The probability that a student is not a swimmer is 1/5. Then the probability that out of five students, four are swimmers is
(A)$5{C_4}{\left( {\frac{4}{5}} \right)^4}{\left( {\frac{1}{5}} \right)^1}$ (B) ${\left( {\frac{4}{5}} \right)^4}{\left( {\frac{1}{5}} \right)^1}$ (C) $5{C_1}{\left( {\frac{4}{5}} \right)^4}{\left( {\frac{1}{5}} \right)^1}$ (D) None of these

Solution

let p = probability that student is swimmer .
probability that he is not swimmer = 1/5, so p = 4/5, q = 1 - p = 1/5, n = 5.

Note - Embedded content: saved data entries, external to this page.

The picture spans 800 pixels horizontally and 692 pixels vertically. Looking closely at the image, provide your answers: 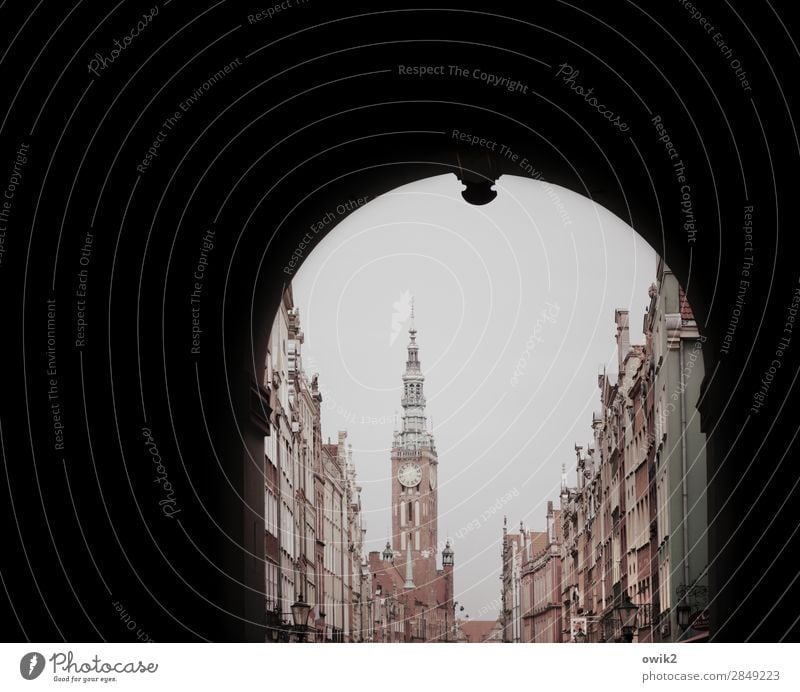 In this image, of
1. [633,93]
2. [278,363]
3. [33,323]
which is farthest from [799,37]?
[278,363]

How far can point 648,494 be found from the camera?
38.5 meters

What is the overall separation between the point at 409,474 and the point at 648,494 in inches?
5309

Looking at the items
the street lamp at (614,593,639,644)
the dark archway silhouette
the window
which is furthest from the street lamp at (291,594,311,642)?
the dark archway silhouette

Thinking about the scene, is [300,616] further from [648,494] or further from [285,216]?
[285,216]

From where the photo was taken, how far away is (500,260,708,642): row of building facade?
2917 centimetres

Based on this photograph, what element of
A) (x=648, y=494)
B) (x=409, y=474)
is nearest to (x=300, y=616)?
(x=648, y=494)

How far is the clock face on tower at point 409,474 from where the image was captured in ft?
565

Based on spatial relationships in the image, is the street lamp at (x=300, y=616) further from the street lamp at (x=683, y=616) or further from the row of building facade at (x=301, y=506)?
the street lamp at (x=683, y=616)

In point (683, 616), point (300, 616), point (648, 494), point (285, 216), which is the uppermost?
point (648, 494)

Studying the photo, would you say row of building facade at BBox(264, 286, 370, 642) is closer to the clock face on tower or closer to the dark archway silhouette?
the dark archway silhouette

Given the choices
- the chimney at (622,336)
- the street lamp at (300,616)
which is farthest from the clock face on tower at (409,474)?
the street lamp at (300,616)

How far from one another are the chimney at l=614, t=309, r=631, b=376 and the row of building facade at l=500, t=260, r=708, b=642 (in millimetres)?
47

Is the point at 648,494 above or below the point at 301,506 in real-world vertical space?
below

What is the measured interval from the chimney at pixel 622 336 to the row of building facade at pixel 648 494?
0.05 m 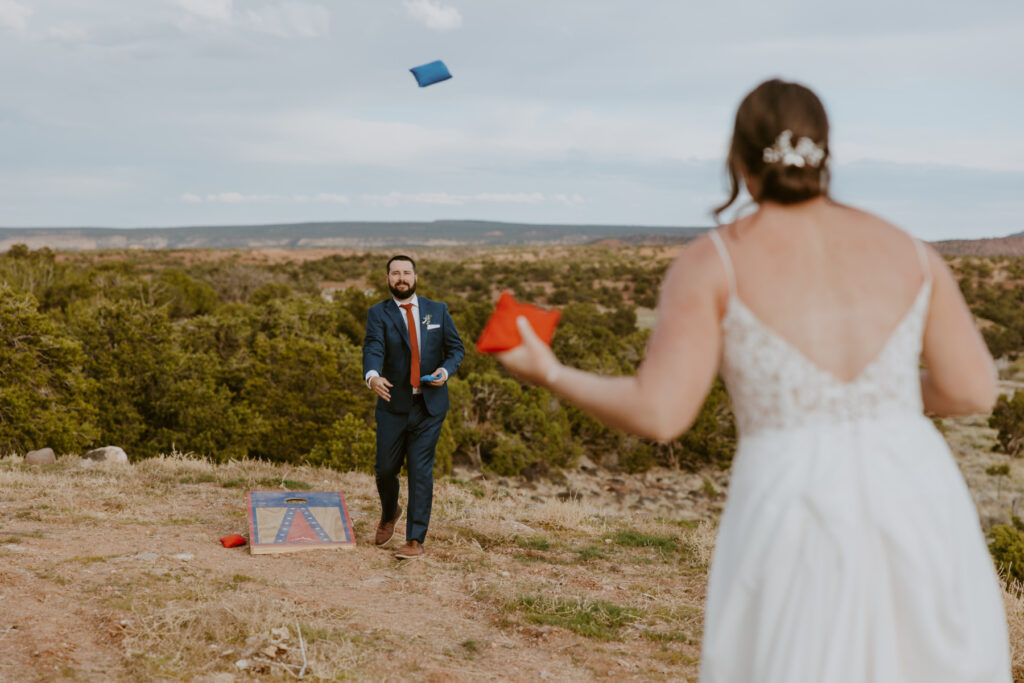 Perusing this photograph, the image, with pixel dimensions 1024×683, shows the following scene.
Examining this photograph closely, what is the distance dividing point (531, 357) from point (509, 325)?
9 centimetres

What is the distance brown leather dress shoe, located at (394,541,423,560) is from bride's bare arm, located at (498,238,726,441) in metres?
5.22

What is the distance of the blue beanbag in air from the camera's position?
13.3 ft

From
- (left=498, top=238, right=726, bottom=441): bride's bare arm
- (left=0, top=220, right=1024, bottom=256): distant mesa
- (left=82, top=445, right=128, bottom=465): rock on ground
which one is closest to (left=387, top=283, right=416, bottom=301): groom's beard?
(left=498, top=238, right=726, bottom=441): bride's bare arm

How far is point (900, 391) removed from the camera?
1931mm

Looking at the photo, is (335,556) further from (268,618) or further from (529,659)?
(529,659)

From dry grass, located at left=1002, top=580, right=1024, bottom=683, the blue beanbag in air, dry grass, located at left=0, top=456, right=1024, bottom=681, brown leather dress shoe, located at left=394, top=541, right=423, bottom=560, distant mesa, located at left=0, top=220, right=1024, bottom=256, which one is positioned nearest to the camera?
the blue beanbag in air

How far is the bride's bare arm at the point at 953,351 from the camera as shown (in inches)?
75.9

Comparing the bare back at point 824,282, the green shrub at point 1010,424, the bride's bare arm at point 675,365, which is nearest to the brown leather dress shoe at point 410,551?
the bride's bare arm at point 675,365

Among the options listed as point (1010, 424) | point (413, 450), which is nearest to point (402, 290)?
point (413, 450)

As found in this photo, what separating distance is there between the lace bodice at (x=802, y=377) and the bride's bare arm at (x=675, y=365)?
64mm

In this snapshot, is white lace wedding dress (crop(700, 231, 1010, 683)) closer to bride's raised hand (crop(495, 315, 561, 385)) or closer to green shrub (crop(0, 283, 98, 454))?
bride's raised hand (crop(495, 315, 561, 385))

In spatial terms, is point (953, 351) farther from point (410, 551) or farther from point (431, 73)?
point (410, 551)

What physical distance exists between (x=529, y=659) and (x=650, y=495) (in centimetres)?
1247

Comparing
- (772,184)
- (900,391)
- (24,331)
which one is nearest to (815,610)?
(900,391) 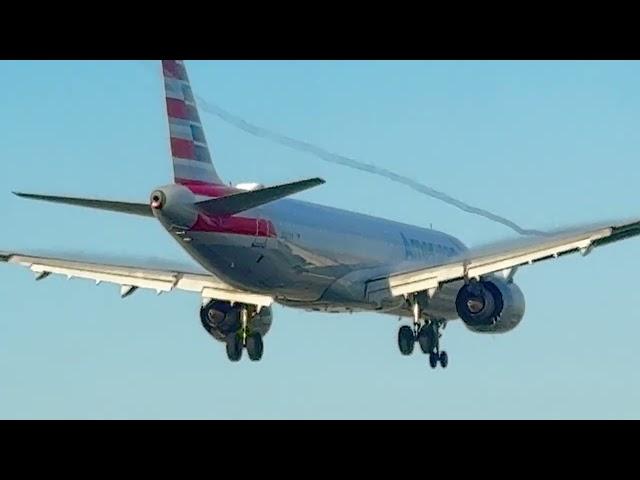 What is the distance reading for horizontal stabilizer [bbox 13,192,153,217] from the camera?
149 feet

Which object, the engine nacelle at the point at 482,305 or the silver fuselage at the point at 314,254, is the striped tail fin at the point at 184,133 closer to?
the silver fuselage at the point at 314,254

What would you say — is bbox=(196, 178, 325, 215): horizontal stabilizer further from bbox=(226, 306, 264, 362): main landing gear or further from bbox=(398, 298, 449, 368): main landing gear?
bbox=(398, 298, 449, 368): main landing gear

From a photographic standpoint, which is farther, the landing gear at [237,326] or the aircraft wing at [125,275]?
the aircraft wing at [125,275]

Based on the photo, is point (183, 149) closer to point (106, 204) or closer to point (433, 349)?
point (106, 204)

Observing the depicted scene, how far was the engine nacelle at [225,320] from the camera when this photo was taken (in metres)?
56.9

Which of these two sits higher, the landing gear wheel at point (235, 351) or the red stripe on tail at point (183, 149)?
the red stripe on tail at point (183, 149)

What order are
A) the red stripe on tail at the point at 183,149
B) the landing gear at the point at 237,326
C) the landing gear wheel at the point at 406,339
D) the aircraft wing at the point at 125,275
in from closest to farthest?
the red stripe on tail at the point at 183,149, the landing gear at the point at 237,326, the aircraft wing at the point at 125,275, the landing gear wheel at the point at 406,339

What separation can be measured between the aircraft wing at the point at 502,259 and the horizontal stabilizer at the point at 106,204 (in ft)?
38.4

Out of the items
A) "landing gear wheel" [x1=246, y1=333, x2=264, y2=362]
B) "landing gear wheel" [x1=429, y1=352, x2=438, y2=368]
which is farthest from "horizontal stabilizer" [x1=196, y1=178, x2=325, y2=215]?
"landing gear wheel" [x1=429, y1=352, x2=438, y2=368]

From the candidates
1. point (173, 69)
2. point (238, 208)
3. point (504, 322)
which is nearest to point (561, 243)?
point (504, 322)

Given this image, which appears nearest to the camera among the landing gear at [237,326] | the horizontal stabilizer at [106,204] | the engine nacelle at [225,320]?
the horizontal stabilizer at [106,204]

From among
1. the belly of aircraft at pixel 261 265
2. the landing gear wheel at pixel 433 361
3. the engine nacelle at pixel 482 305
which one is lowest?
the landing gear wheel at pixel 433 361

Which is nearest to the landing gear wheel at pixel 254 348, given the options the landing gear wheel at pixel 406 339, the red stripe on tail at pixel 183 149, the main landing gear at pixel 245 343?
the main landing gear at pixel 245 343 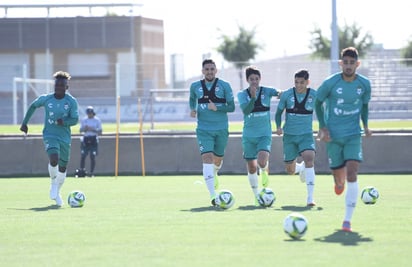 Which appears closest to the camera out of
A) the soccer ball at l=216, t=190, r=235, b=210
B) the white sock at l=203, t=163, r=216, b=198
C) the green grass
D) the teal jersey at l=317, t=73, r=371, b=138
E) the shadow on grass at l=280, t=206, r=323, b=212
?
the teal jersey at l=317, t=73, r=371, b=138

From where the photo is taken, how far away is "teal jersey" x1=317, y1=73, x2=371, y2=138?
40.5ft

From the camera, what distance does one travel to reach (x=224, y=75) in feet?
104

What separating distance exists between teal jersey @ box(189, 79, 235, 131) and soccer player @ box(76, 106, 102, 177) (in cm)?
1074

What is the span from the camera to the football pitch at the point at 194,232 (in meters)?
9.84

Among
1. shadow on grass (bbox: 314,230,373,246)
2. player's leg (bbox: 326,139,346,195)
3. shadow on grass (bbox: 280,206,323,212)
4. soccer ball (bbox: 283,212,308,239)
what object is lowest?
shadow on grass (bbox: 280,206,323,212)

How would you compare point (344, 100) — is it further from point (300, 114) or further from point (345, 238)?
point (300, 114)

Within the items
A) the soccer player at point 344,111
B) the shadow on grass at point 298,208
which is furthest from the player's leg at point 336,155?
the shadow on grass at point 298,208

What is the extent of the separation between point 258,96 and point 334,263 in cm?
711

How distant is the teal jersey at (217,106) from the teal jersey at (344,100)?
12.4ft

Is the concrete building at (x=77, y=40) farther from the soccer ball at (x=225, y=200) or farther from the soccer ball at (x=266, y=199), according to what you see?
the soccer ball at (x=225, y=200)

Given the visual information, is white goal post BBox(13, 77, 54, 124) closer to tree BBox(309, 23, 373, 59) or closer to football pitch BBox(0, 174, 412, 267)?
football pitch BBox(0, 174, 412, 267)

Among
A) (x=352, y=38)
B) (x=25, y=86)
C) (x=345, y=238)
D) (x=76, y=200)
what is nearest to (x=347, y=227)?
(x=345, y=238)

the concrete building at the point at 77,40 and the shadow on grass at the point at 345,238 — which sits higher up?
the concrete building at the point at 77,40

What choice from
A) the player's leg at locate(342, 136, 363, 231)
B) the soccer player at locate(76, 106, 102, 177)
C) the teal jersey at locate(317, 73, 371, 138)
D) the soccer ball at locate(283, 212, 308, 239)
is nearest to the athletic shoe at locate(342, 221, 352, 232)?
the player's leg at locate(342, 136, 363, 231)
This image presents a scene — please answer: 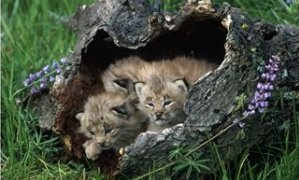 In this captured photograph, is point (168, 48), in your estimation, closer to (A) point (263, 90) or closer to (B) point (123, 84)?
(B) point (123, 84)

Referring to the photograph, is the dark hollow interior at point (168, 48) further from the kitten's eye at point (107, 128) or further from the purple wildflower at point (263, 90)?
the purple wildflower at point (263, 90)

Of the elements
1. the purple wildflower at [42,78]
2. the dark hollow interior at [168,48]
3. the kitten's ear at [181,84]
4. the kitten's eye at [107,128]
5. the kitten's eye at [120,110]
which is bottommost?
the kitten's eye at [107,128]

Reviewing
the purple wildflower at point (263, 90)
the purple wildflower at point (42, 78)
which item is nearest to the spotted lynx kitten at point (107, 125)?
the purple wildflower at point (42, 78)

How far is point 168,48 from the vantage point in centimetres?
584

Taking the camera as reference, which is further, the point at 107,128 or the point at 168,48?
the point at 168,48

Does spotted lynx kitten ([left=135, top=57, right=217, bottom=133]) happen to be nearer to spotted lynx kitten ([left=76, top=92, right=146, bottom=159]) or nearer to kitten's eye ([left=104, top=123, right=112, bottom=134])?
spotted lynx kitten ([left=76, top=92, right=146, bottom=159])

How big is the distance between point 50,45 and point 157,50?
1.35m

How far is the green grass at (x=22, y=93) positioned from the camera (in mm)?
5098

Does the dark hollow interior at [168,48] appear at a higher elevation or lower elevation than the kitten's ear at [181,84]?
higher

$P(X = x) = n{C_x}{p^x}{q^{n - x}}$ P( X = 4) $= 5{C_4}{\left( {\frac{4}{5}} \right)^4}{\left( {\frac{1}{5}} \right)^1}$ $= 5{C_1}{\left( {\frac{4}{5}} \right)^4}{\left( {\frac{1}{5}} \right)^1}$ So A and C are the correct answers.